Somewhere, Carole might be wondering the same thing.
The answer probably is that while both films have plenty of Lombard pre-Code sex appeal as well as appropriate endings where love wins in the end (as it should), "Orchids" concludes in a downbeat, even tragic manner, thanks to Walter Connolly, the magnificent character actor making his first of several teamings with Lombard. He plays her father here, a banker in trouble during the Depression (banks were failing left and right, a year before the Federal Deposit Insurance Corporation protected bank customers). In fact, "No More Orchids" reached theaters not long after Frank Capra's "American Madness," where Walter Huston portrayed a failed banker.
The only way Connolly's character can salvage his bank is if he gives into his father-in-law's demands that Carole's character marry into royalty, not the struggling lawyer portrayed by Talbot, the man she really loves. Oh, and the father-in-law is played with 1 percent smarminess by C. Audrey Smith, my choice for the most despicable villain in any Lombard film (http://carole-and-co.livejournal.com/689208.html) -- at least Gail Patrick in "My Man Godfrey" learns her lesson at the end. Here are Connolly and Smith, when it appears the latter will get what he wants:
Jameson Thomas (shown below) portrays Prince Carlos, the suitor Lombard doesn't want; nearly 18 months later, he'd again play a prospective Connolly son-in-law, this time a "king" -- King Westley, that is, who intends to marry Ellie Andrews (Claudette Colbert) in the much better known "It Happened One Night." He again is thwarted, this time under far happier circumstances. (Edward Bernds, a sound recorder for Columbia who held that position on "Orchids" and later directed many of its comedy shorts, most notably those of the Three Stooges, made that observation in his book "Mr. Bernds Goes to Hollywood.")
Louise Closser Hale plays Lombard's paternal grandmother, who's sympathetic to Talbot's plight and adds plenty of comic sparkle early on.

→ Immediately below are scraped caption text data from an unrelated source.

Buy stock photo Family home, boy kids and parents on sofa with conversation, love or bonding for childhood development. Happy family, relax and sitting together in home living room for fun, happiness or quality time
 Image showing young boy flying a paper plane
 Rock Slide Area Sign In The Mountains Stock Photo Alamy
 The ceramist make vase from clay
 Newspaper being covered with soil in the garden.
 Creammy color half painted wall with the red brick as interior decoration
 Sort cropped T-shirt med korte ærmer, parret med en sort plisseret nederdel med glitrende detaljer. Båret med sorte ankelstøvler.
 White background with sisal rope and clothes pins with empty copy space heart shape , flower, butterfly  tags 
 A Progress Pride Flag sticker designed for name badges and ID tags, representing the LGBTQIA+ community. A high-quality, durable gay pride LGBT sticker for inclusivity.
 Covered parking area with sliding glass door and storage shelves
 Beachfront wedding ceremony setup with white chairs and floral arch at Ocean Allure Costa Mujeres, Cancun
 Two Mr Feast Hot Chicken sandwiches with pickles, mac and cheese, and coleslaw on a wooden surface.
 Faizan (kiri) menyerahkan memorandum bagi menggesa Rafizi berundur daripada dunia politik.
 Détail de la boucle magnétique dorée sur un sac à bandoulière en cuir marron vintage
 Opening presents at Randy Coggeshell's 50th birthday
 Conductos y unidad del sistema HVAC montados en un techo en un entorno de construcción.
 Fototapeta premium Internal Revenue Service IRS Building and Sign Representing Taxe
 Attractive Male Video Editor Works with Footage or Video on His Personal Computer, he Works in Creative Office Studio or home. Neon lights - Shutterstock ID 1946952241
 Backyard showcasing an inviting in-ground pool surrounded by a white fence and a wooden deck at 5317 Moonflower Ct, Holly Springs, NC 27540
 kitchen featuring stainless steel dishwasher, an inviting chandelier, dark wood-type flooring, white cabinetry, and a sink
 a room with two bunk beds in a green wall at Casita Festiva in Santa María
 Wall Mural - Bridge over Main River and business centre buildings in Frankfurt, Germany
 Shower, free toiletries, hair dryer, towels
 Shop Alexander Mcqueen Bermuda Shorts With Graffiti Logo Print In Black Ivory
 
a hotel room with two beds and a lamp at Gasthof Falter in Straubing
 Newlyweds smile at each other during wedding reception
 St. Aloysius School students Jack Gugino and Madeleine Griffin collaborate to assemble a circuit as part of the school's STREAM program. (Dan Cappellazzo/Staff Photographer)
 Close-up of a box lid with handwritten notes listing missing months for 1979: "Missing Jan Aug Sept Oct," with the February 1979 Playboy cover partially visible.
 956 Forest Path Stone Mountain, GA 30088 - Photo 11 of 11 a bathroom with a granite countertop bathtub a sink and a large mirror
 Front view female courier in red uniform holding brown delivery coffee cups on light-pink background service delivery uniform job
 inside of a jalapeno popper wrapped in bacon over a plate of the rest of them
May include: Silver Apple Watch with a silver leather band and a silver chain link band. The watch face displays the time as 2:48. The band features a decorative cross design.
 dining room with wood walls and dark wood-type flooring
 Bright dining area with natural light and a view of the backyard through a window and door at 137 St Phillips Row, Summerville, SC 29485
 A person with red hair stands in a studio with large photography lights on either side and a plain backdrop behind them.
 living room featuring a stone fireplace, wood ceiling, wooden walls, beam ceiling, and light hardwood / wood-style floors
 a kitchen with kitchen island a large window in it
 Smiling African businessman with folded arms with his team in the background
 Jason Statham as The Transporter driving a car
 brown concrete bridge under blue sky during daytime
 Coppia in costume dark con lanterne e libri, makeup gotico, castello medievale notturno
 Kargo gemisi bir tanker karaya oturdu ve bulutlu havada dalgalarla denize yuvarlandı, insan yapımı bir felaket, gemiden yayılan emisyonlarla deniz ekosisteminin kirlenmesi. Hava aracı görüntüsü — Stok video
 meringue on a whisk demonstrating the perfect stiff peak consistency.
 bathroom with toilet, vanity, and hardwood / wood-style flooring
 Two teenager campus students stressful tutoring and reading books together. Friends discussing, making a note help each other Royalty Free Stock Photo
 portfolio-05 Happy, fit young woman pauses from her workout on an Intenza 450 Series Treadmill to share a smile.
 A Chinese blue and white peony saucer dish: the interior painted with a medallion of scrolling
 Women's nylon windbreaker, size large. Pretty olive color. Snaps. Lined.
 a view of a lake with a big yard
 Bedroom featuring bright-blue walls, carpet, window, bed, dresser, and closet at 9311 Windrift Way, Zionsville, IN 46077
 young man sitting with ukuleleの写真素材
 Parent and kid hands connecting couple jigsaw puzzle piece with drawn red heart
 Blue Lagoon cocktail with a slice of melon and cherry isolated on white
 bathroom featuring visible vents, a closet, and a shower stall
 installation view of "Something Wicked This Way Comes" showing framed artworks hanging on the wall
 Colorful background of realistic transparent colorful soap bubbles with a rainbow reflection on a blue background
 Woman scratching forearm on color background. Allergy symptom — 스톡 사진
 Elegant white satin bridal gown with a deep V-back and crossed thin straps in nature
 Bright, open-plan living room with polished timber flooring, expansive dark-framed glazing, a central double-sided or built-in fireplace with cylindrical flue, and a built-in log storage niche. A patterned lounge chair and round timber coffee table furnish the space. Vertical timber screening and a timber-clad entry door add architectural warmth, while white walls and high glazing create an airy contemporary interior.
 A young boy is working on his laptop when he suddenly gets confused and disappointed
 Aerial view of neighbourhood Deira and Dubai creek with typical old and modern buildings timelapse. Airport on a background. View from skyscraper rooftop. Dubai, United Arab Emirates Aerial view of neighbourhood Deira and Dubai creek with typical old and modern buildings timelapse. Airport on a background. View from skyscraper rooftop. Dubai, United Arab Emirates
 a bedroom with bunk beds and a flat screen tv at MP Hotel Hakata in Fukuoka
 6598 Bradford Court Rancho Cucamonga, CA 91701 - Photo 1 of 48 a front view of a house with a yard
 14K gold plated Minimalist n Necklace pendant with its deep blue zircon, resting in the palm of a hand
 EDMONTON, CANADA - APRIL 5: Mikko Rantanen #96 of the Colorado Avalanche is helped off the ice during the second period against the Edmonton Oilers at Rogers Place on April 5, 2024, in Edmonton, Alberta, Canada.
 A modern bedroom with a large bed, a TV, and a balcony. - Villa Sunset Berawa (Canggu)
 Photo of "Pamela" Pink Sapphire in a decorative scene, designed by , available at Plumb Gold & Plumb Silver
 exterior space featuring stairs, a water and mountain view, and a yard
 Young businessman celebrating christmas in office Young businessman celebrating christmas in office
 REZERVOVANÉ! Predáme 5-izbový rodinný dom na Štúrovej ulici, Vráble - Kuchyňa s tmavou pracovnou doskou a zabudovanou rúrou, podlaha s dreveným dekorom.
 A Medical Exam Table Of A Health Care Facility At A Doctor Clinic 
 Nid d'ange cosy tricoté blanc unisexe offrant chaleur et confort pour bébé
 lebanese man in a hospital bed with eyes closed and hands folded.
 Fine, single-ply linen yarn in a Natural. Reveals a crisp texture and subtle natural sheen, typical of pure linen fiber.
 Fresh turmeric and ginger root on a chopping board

Like many on and off screen in the early '30s, she ignores Prohibition (and can legally do so for some of the movie, since she's on a ship outside U.S. waters).
Two other good sources for info on "Orchids" are a fine review of the film at pre-Code.com in 2014 (http://pre-code.com/no-more-orchids-1932-review-carole-lombard-walter-connolly/) and Bernard F. Dick's 2015 book "The Merchant Prince of Poverty Row: Harry Cohn of Columbia Pictures."
As stated earlier, this is a film that frankly deserves a better re-evaluation, especially as it shows that even in 1932, Lombard had the skills for talking-picture comedy, even if Paramount either didn't seem to know it or, to their eventual detriment, didn't care.